The statistical significance scandal: The standard error of science?

The problem of scientists manipulating data in order to achieve statistical significance, labelled p-hacking is incredibly hard to track down due to the fact that the data behind statistical significance is often unavailable for analysis by anyone other than those who did the research and themselves analysed the data.

The statistical significance scandal: The standard error of science?

P<0.05 is the figure you will often find printed on an academic paper, that is commonly (mis)understood as indicating that the findings have a one in twenty chance of being incorrect. The phenomenon has become a somewhat universal barrier which scientists must cross but in many cases has also inadvertently become a barrier to readers of scientific research accessing the very important numbers often hidden underneath this indication of statistical significance. The US Supreme Court for example has investigated cases where statistical significance of findings in medical trials has been used in place of undisclosed adverse events:

“In a nutshell, an ethical dilemma exists

when the entity conducting the significance test

has a vested interest in the outcome of the test.”

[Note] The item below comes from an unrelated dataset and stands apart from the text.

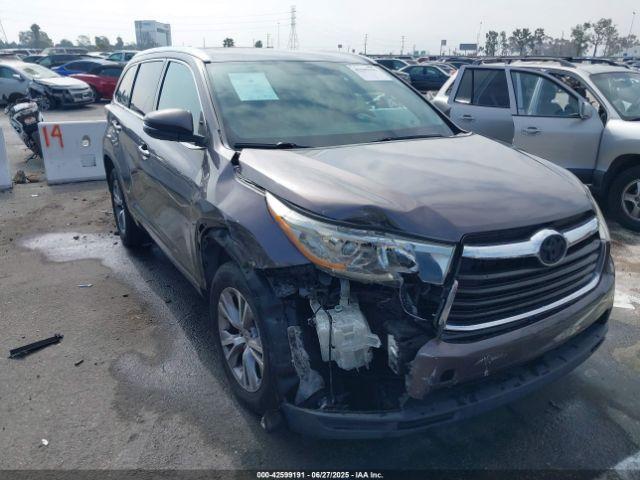  Salvage Toyota Highlander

In a paper by the same authors written in plain English titled The Cult of Statistical Significance, a fantastic analogy is given of a hypothetical pill that would be determined useless based on a measure of statistical significance and a pill that would be determined as of statistically significant value despite being patently useless in real terms. We then hear of a real case study concerning Merck’s Vioxx painkiller marketed in over eighty countries with a peak value of over two and a half billion. After a patient died of a heart attack it emerged in court proceedings that Merck had allegedly omitted from their research findings published in the Annals of Internal Medicine that five of the patients who participated in the clinical trial of Vioxx suffered heart attacks while participating in the trial while only one participant had a heart attack while taking the generic alternative naproxen. Most worryingly of all, this was technically a correct action to take due to the fact that the Annals of Internal Medicine has strict rules regarding statistical significance of findings:

“The signal-to-noise ratio did not rise to 1.96, the 5% level of significance that the Annals of Internal Medicine uses as strict line of demarcation, discriminating the "significant" from the insignificant, the scientific from the non-scientific… Therefore, Merck claimed, there was no difference in the effects of the two pills. No difference in oomph, they said, despite a Vioxx disadvantage of about 5-to-1.”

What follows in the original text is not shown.